Captioned web images:
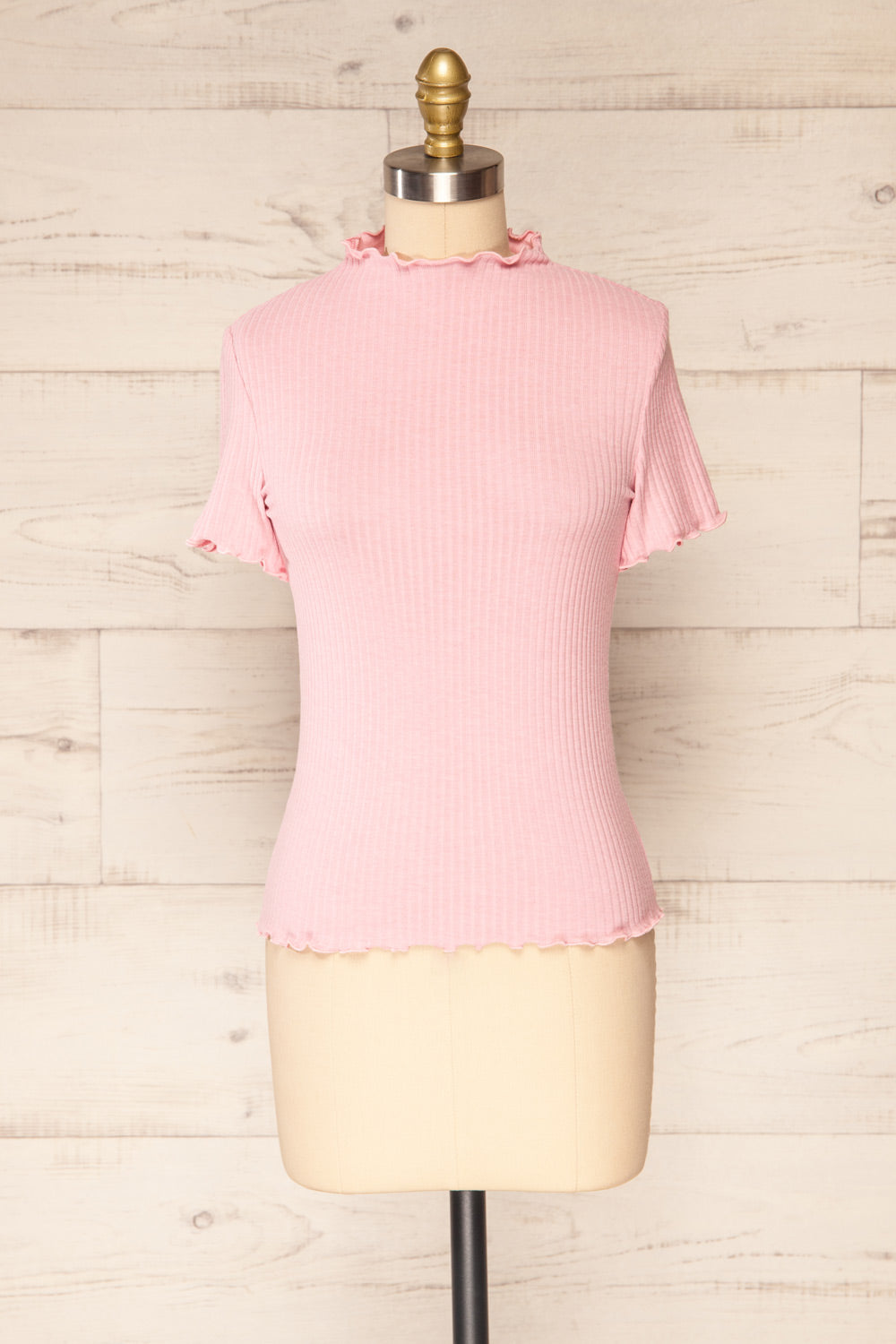 Loula Pink Ribbed Frill-Trimmed Crop Top | La petite garçonne front view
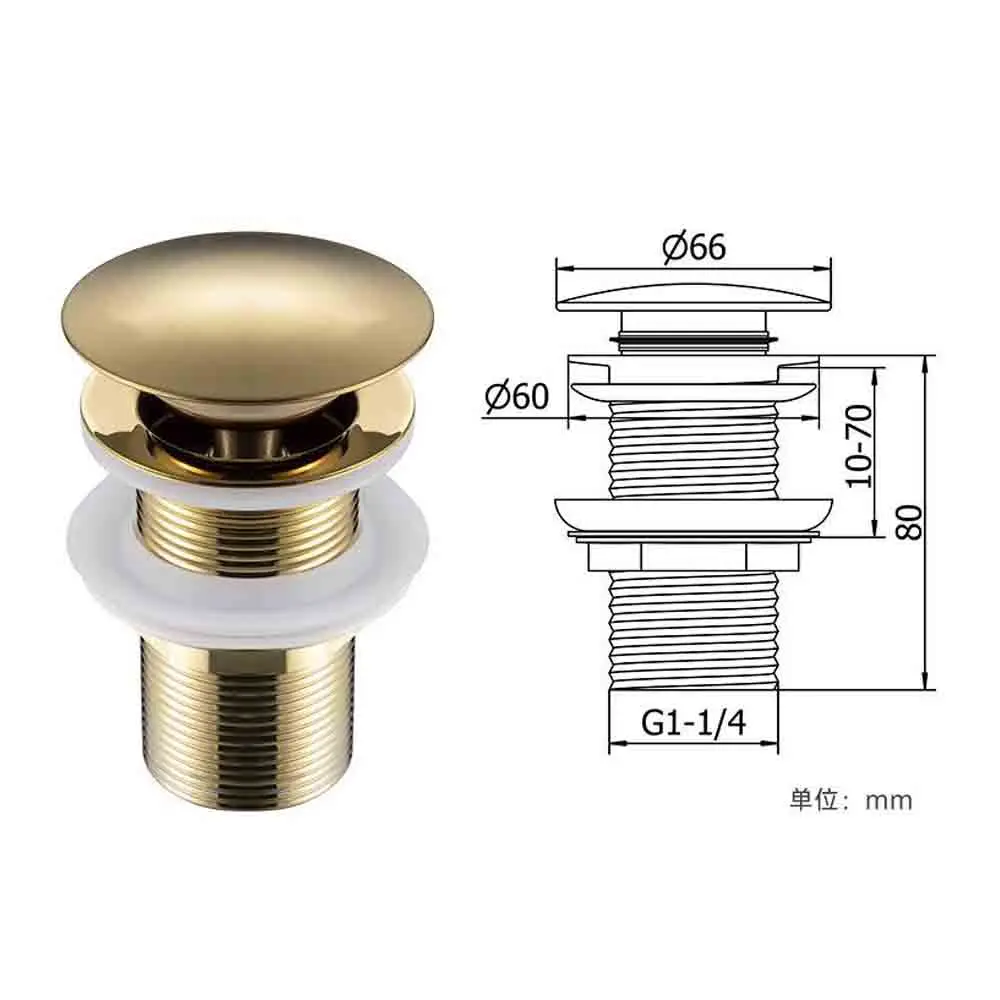 

Bathroom Sink Push Down Pop Up Stopper Drain with Anti-Clog Strainer Overflow for Bathroom Home Sink Washbasin Parts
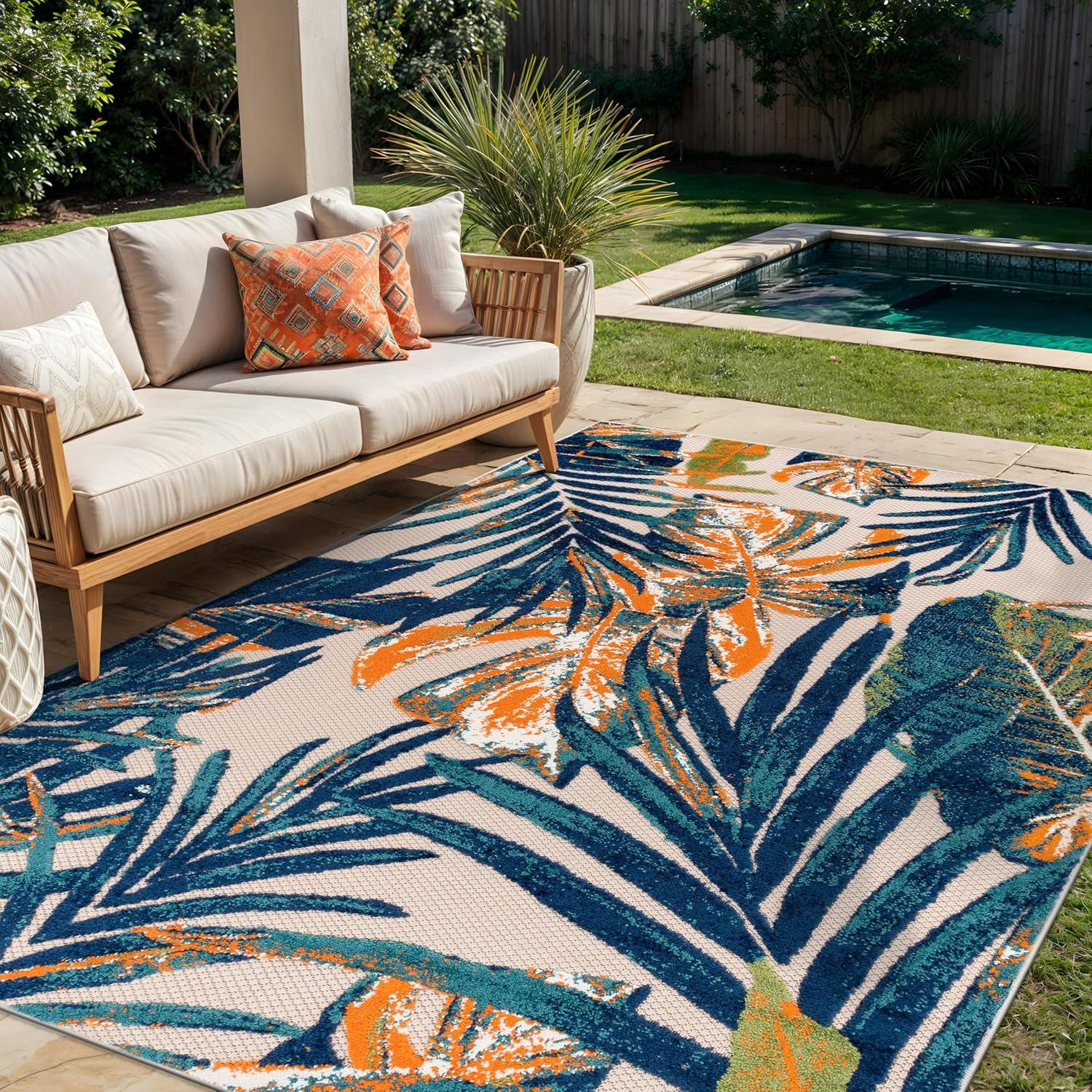 Rugshop Tropical Floral Leaves Indoor/Outdoor Area Rug Durable Polypropylene, Non-Shedding, Easy to Clean, Perfect for Patio, Backyard, Deck and Outdoor Lounge, High Traffic Areas, 3'3" x 5'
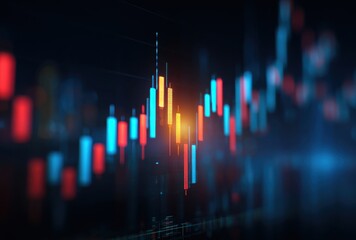 Close-up of colorful glowing digital data points and lines representing technology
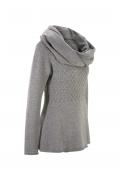 Designer-Zopfmusterpullover mit Schal grau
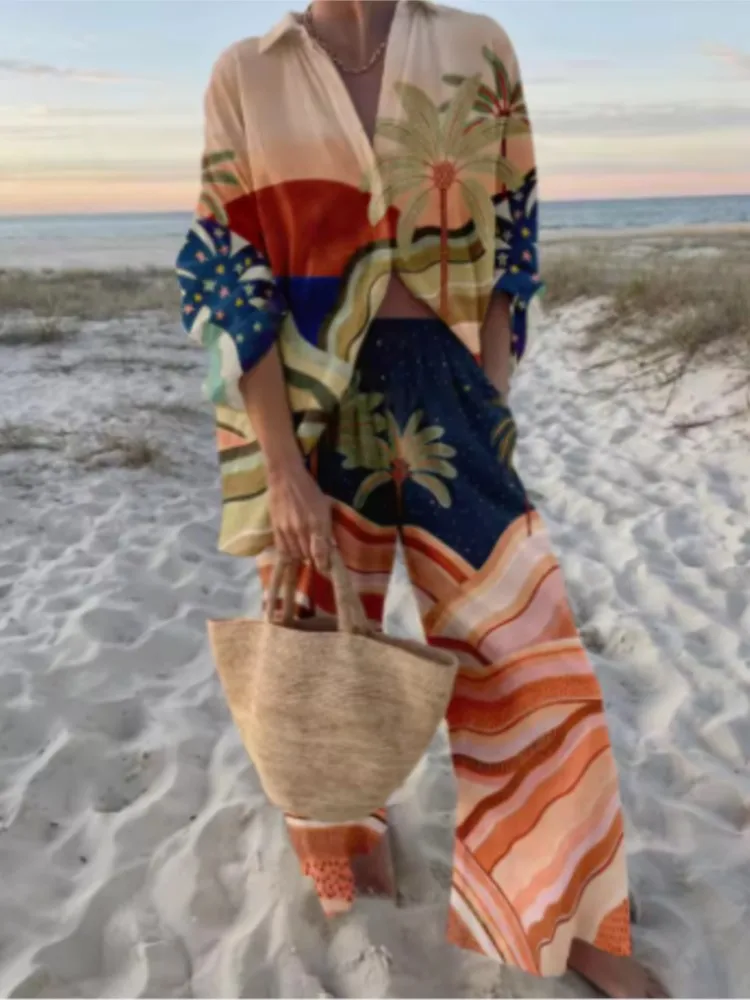 

Fashion Print Beach Holiday Pants Sets For Women Spring Summer Long Sleeve Shirt Tops Wide Leg Pants Two Piece Set Casual Outfit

EXERCISE OBJECTIVE: Omit the pictures, then output every record exactly as given.

REPLY TO THE EXERCISE:
 Loula Pink Ribbed Frill-Trimmed Crop Top | La petite garçonne front view

Bathroom Sink Push Down Pop Up Stopper Drain with Anti-Clog Strainer Overflow for Bathroom Home Sink Washbasin Parts
 Rugshop Tropical Floral Leaves Indoor/Outdoor Area Rug Durable Polypropylene, Non-Shedding, Easy to Clean, Perfect for Patio, Backyard, Deck and Outdoor Lounge, High Traffic Areas, 3'3" x 5'
 Close-up of colorful glowing digital data points and lines representing technology
 Designer-Zopfmusterpullover mit Schal grau

Fashion Print Beach Holiday Pants Sets For Women Spring Summer Long Sleeve Shirt Tops Wide Leg Pants Two Piece Set Casual Outfit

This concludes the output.